What to do:
Write out the lines below exactly, beginning at the one with "č. 401/2012 Sb." and stopping after the one with "пап а что такое"; the pictures are not copied.

Data to use:
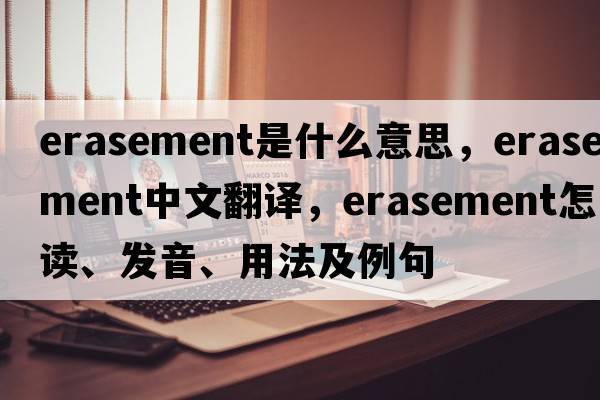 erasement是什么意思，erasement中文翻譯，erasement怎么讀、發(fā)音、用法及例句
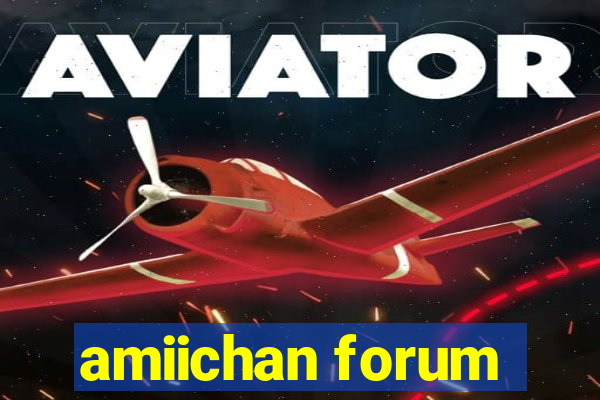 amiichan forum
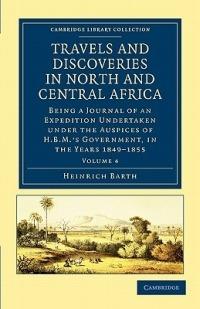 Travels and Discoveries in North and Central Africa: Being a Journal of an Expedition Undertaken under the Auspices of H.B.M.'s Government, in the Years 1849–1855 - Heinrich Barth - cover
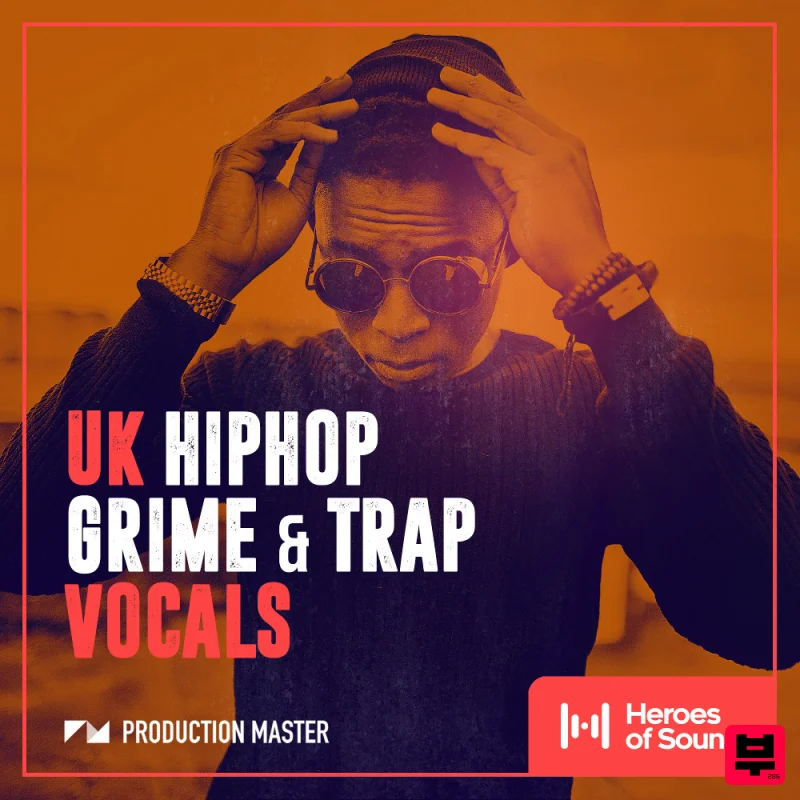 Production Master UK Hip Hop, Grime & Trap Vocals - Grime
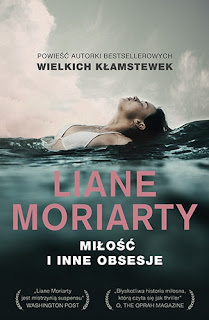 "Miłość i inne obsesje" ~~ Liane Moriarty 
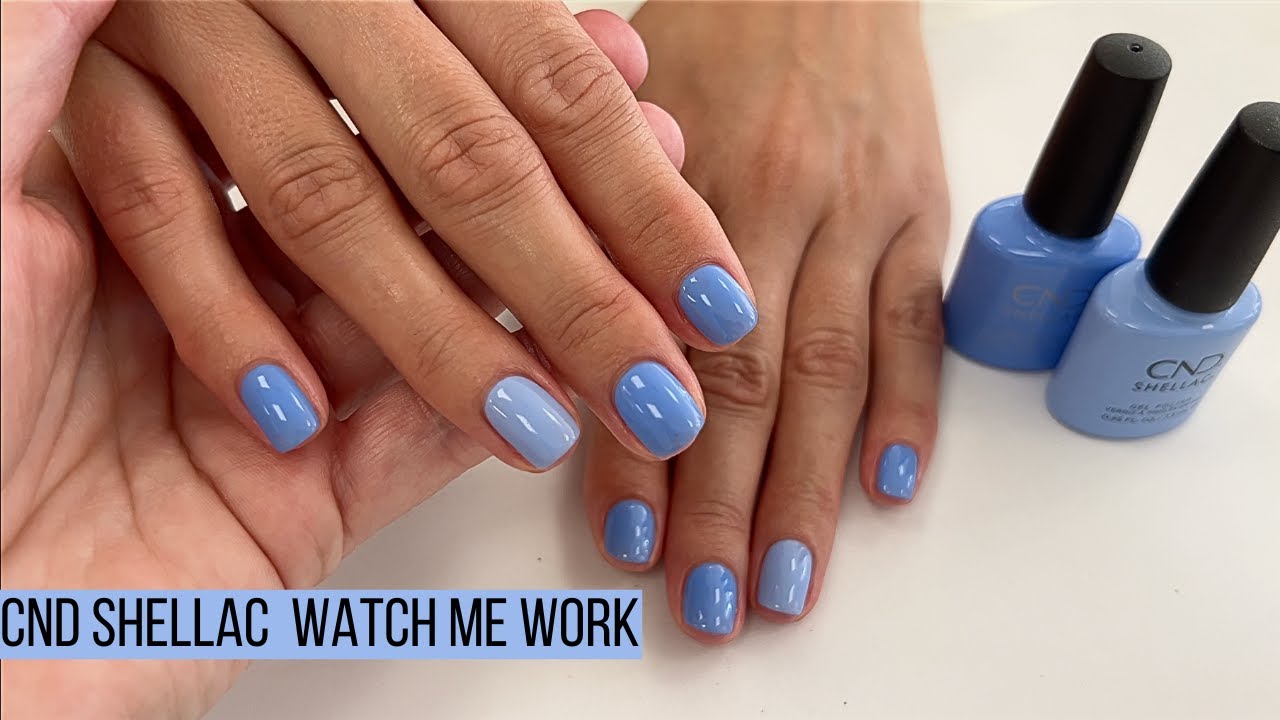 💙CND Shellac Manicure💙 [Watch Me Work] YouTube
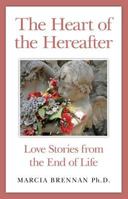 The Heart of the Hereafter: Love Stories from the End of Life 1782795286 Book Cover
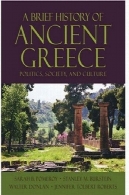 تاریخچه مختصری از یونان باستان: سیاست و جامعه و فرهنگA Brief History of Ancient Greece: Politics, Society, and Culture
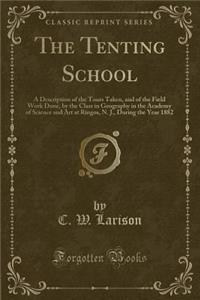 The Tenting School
==
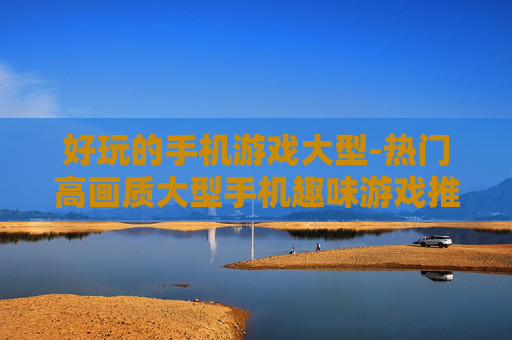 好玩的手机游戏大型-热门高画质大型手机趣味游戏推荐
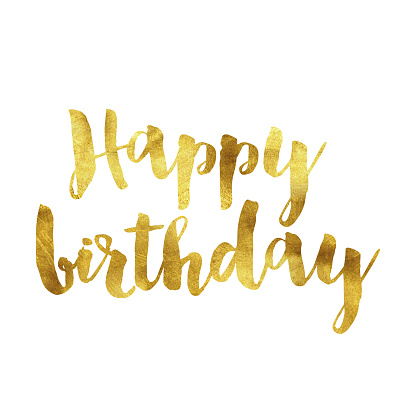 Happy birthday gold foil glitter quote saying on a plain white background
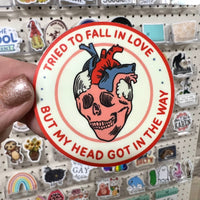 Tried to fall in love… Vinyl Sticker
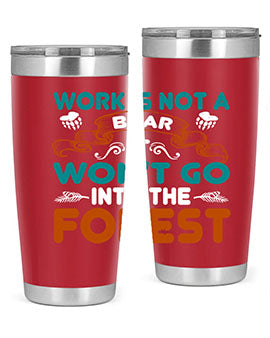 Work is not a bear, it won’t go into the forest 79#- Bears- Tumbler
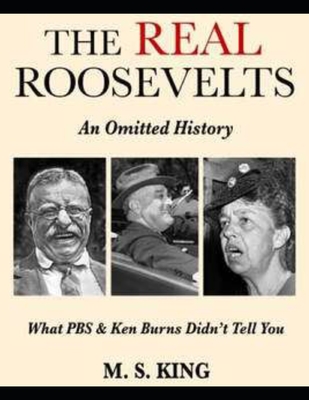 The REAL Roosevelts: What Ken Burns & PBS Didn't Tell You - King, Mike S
...
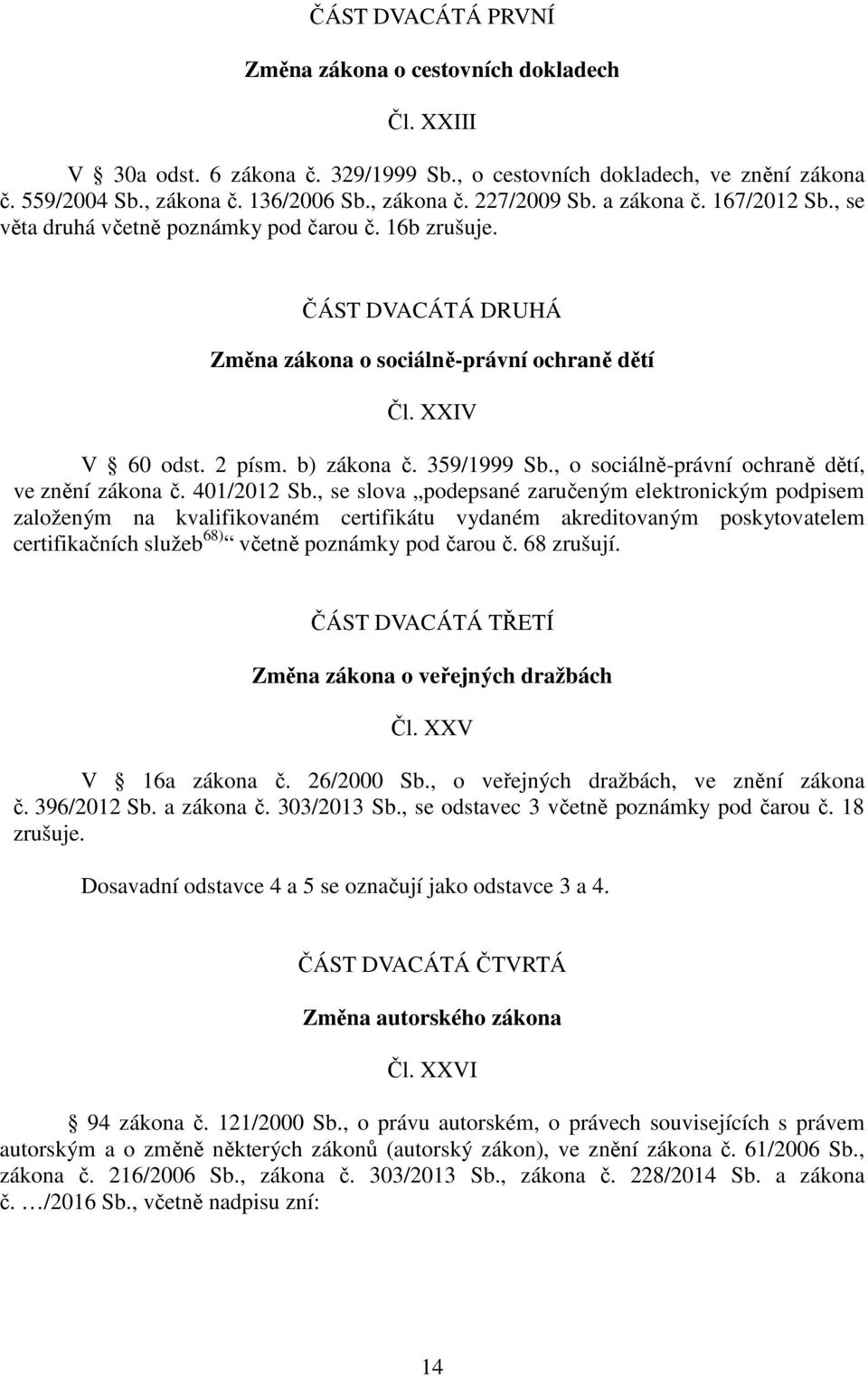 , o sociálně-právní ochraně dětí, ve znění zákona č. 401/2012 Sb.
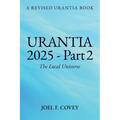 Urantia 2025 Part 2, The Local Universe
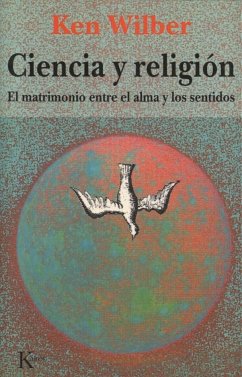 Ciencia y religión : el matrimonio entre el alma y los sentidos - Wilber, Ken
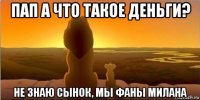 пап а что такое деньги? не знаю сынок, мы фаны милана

Expected answer:
 , o sociálně-právní ochraně dětí, ve znění zákona č. 401/2012 Sb.
 Urantia 2025 Part 2, The Local Universe
 Ciencia y religión : el matrimonio entre el alma y los sentidos - Wilber, Ken
 пап а что такое деньги? не знаю сынок, мы фаны милана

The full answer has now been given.